JSON-Tcl processing contains two parts, parsing JSON and generating it. Parsing is for DB application just relevant, when the database returns JSON directly. Below are some figures from different implementations, including tdom, tjson, from the mongdb package in nsf (bson, supporting binary datatypes), and scripted Tcl

microseconds
tdom-parse 16,044.66
tjson-parse 11,543.77
bson-triple 51,567.74
tjson-typed 72,859.57
tjson-triple 72,118.74
json2dict 1,345,247.94

One can see here significant performance differences, which also depend on the result structure. While tdom and tjson return a handle to the internal structure, bson is transformed into a Tcl list structure containing triples of names, types and values, or json2dict returns a dict. One can also use tjson to produce the same triple notation (see "tjson-triple"). The differences between the C implemented versions are not huge (when comparing a similar richness of the output).

In order to generate JSON, from these notations, we see the following results:

microseconds
tdom-generate 9,714
tjson-generate 18,117
bson-generate 58,271

I've also looked at huddle (https://github.com/aplicacionamedida/huddle), using the json2huddle and "huddle jsondump" from there:

microseconds
huddle-parse 9,455,761
huddle-generate 4,394,388
Performance is not the primary reason to use huddle for this kind of application.

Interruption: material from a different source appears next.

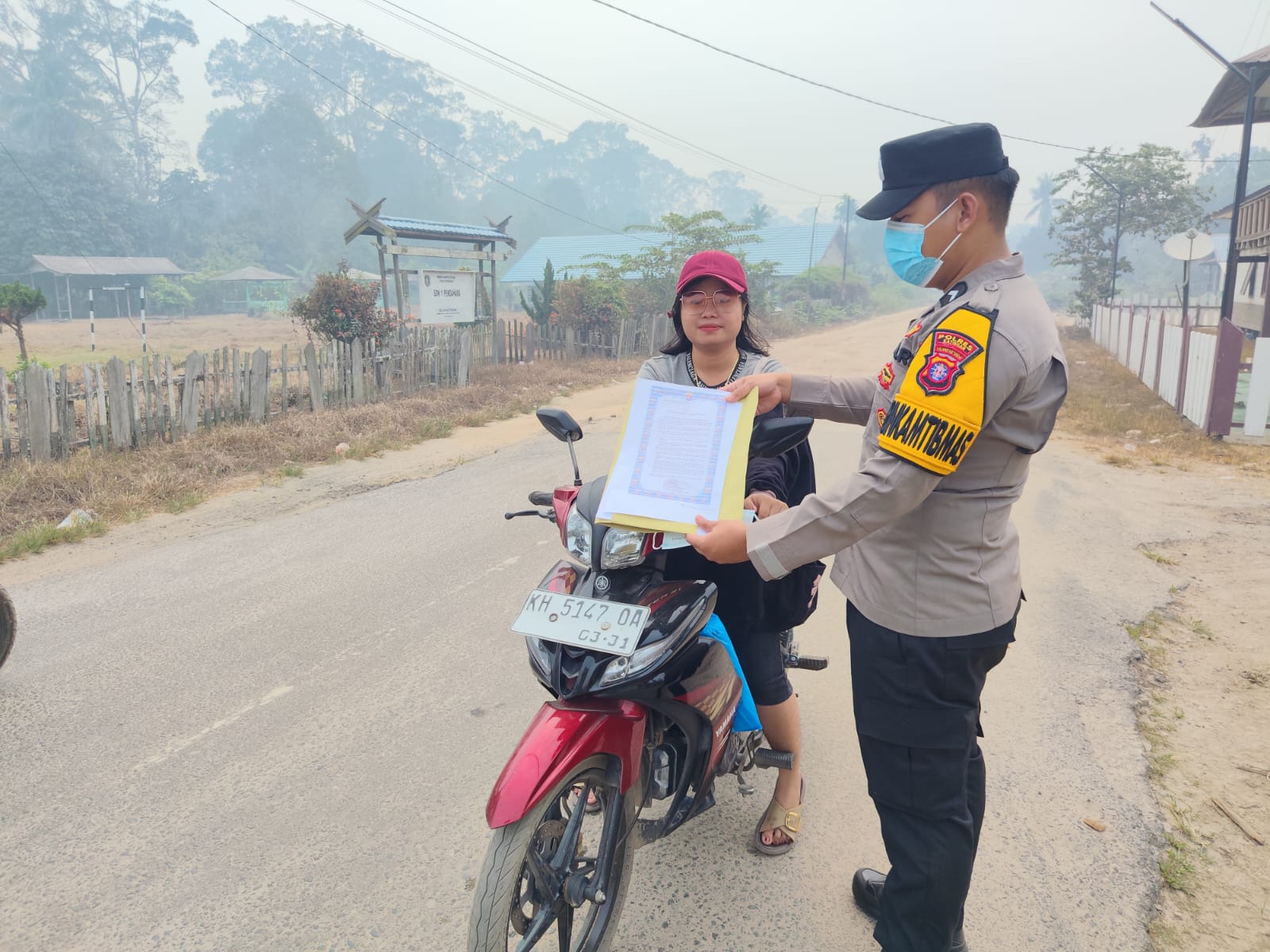 Bhabinkamtibmas Piket Polsek Tws Garing dan Pulau Malan terus sosialisasi Maklumat Kapolda Kalteng.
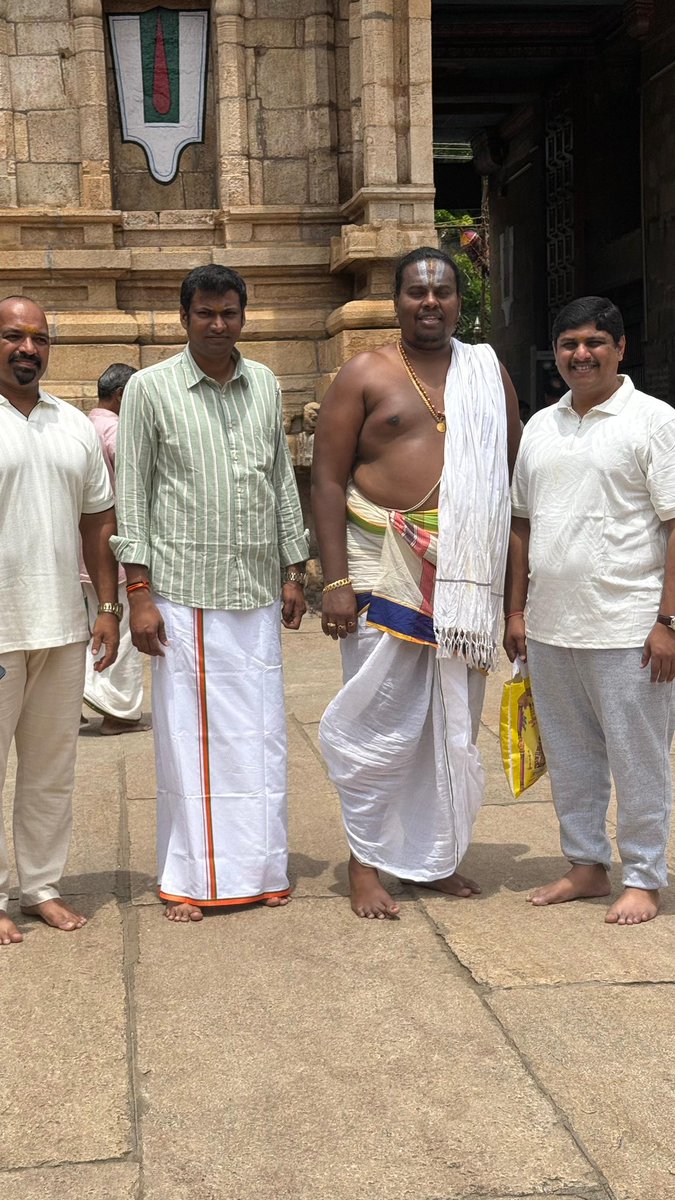 இன்று, திருச்சி ஸ்ரீரங்கம், அருள்மிகு ஸ்ரீ ரெங்கநாதர் சுவாமி திருக்கோயிலில் சுவாமி தரிசனம் செய்தேன். அப்போது பாஜக இளைஞரணி முன்னாள் மாநில பொதுச்செயலாளர் திரு.மோகன் குமார் அவர்களும், வெளிநாடு வாழ் இந்தியர்கள் பிரிவு மாநில செயலாளர் திரு. டோனி செல்வராஜ்  அவர்களும் உடன் இருந்தனர்.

We can see, that the C-implemented versions are clear better (no big surprise). I am pretty sure, that rl_json performs similar. All of these have some advantages:

  • tdom is still very fast and established, it keeps the type information internally to achieve the appropriate JSON quoting.
  • json has in some areas advantages
  • bson has support for binary datatypes, but this is not important, when interfacing with PostgreSQL and Oracle). The triple notation makes it ease to provide types for the values on the Tcl level.
For OpenACS it is preferable to provide a common API to these backend packages, without losing much performance.

all the best
-gn

package require json
set jsonfile /usr/local/src/tjson/spec3.json ; set count 10
set fp [open $jsonfile r]; set JSON [read $fp]; close $fp
lappend results [list tdom-parse [time {dom parse -json $JSON test} $count]]]
lappend results [list tjson-parse [time {::tjson::parse $JSON} $count]]
lappend results [list bson-triple [time {::mongo::json::parse $JSON} $count]]
lappend results [list json-typed [time {set typed_spec [::tjson::json_to_typed $JSON]} $count]]
lappend results [list tjson-triple [time {set typed_spec [::tjson::json_to_typed $JSON]; ::tjson::typed_to_custom $typed_spec} $count]]
lappend results [list json2dict [time {::json::json2dict $JSON} $count]]

set T [dom parse -json $JSON test]
lappend results [list tdom-generate [time {$T asJSON} $count]]]

set TJ [::tjson::parse $JSON]
lappend results [list tjson-generate [time {::tjson::to_json $TJ} $count]]

set TRIPLE [::mongo::json::parse $JSON]
lappend results [list bson-generate [time {::mongo::json::generate $TRIPLE} $count]]